→ **WHAT TO DO**:
Copying rule for the data below: take the line containing "Eagle Flight Wallpaper HD" and every line after it to the end, exactly, and drop all pictures.

→ **WORKING DATA**:
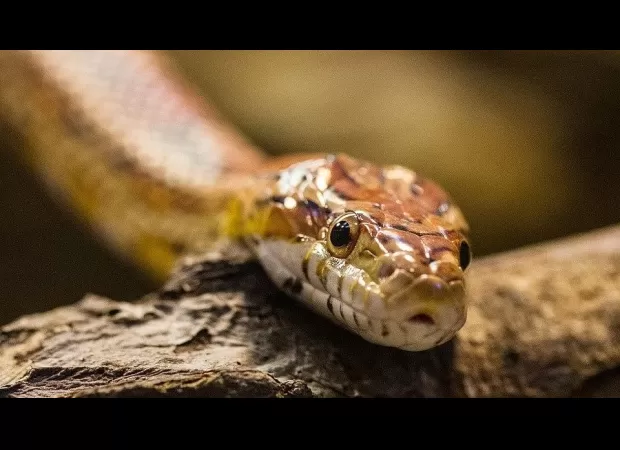 4-yr-old girl in Madhya Pradesh's Satna dies from snakebite.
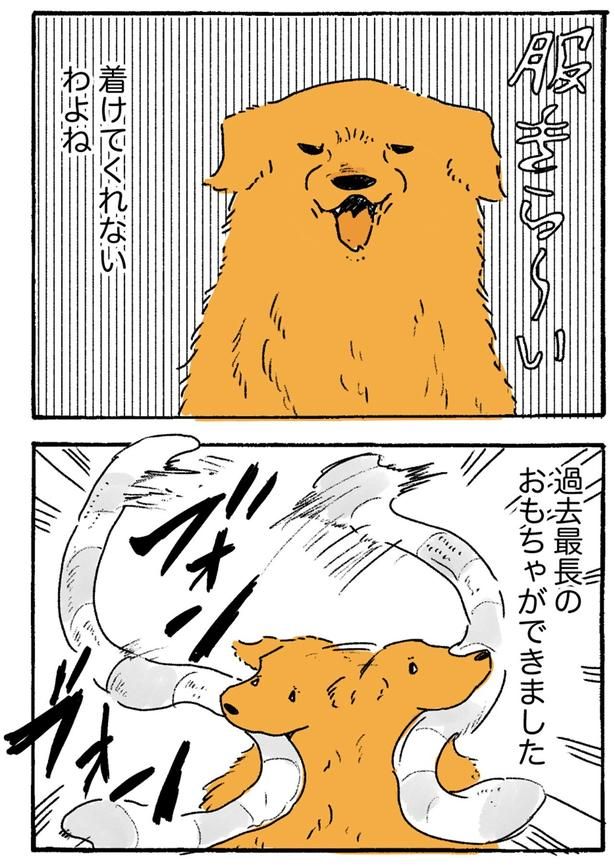着てくれないわよね （C）佐倉イサミ／KADOKAWA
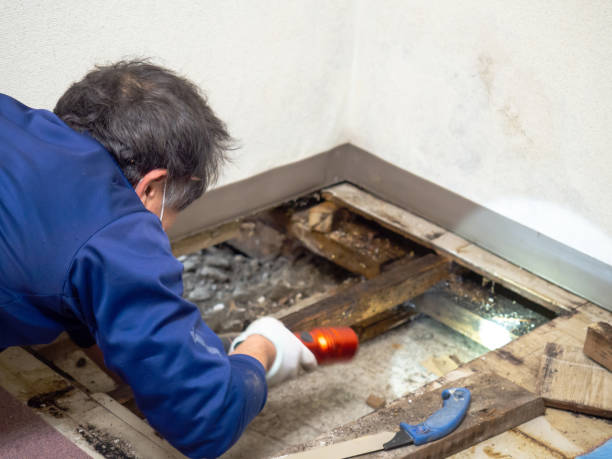 Best Mold Remediation  in Wagon Wheel, AZ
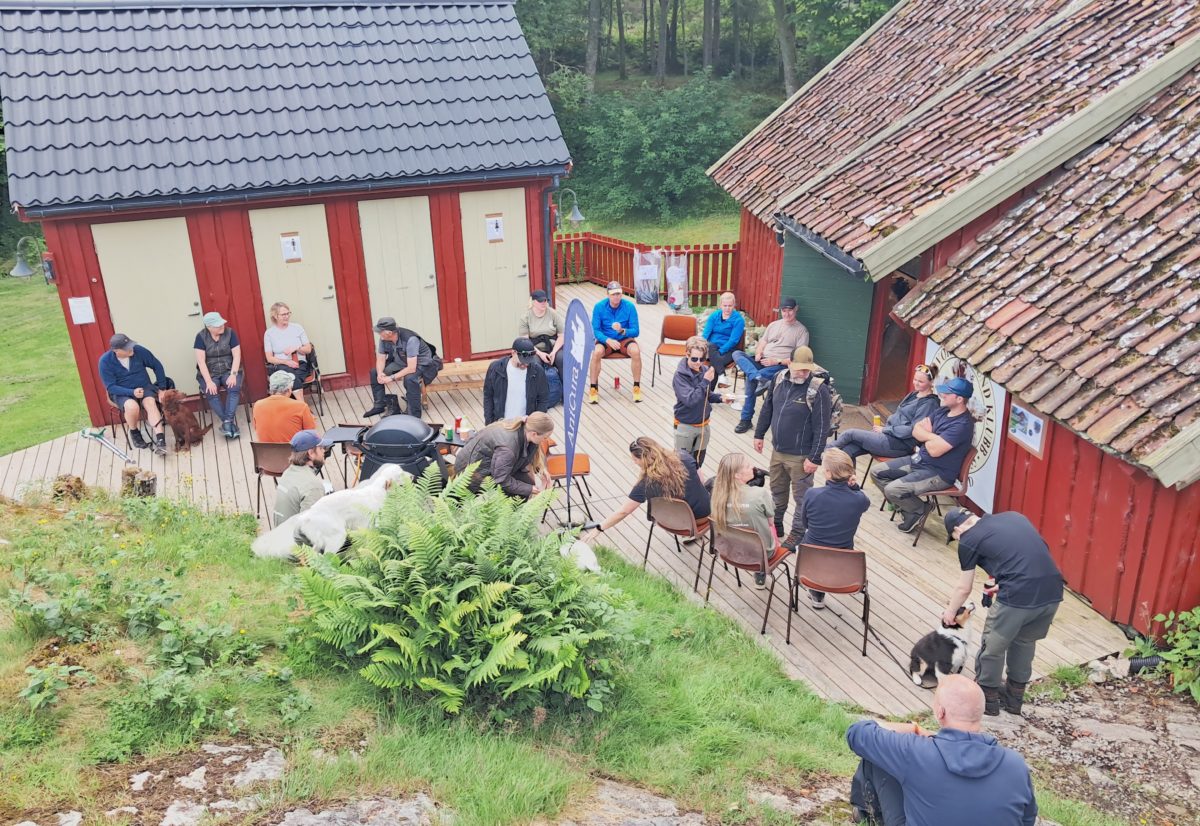 NVK Rogaland Horve 2026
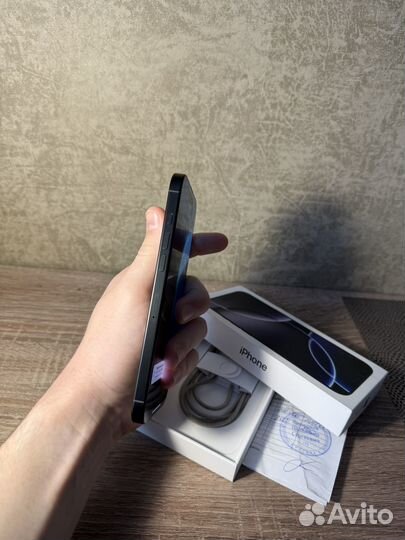 iPhone 16 Pro Max, 256 ГБ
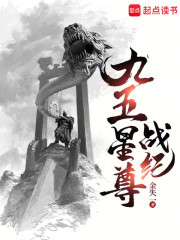 九五星尊战纪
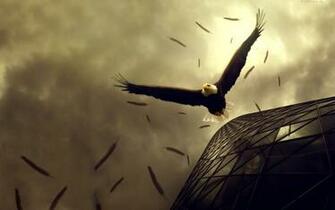 Eagle Flight Wallpaper HD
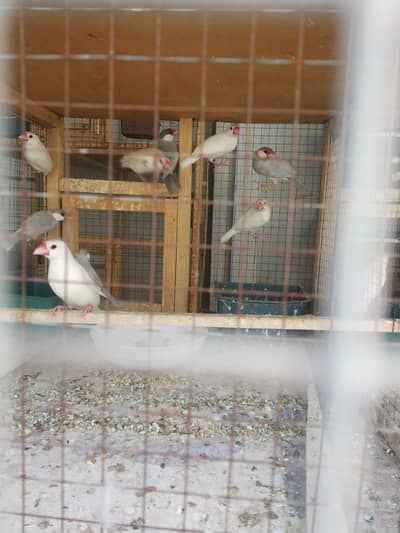 white java breeder's pairs available diamond pied dove red pied doves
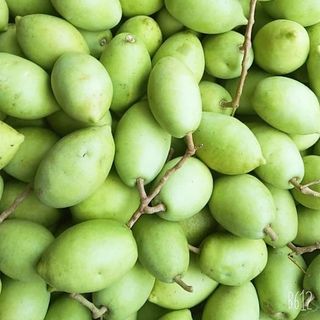 Cà na tươi trái to thịt dày
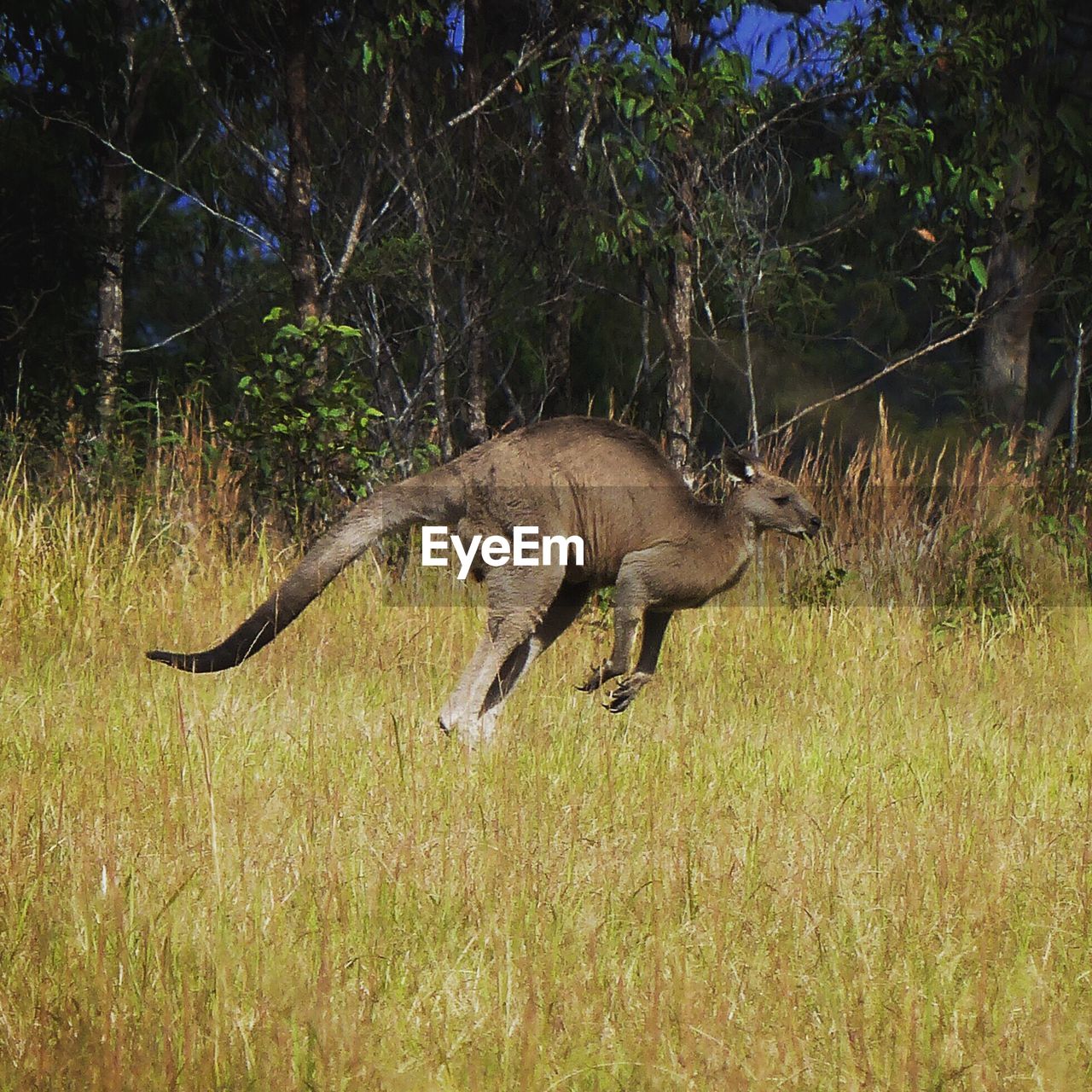 Kangaroo in field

→ **COMPLETED TASK**:
 Eagle Flight Wallpaper HD
 white java breeder's pairs available diamond pied dove red pied doves
 Cà na tươi trái to thịt dày
 Kangaroo in field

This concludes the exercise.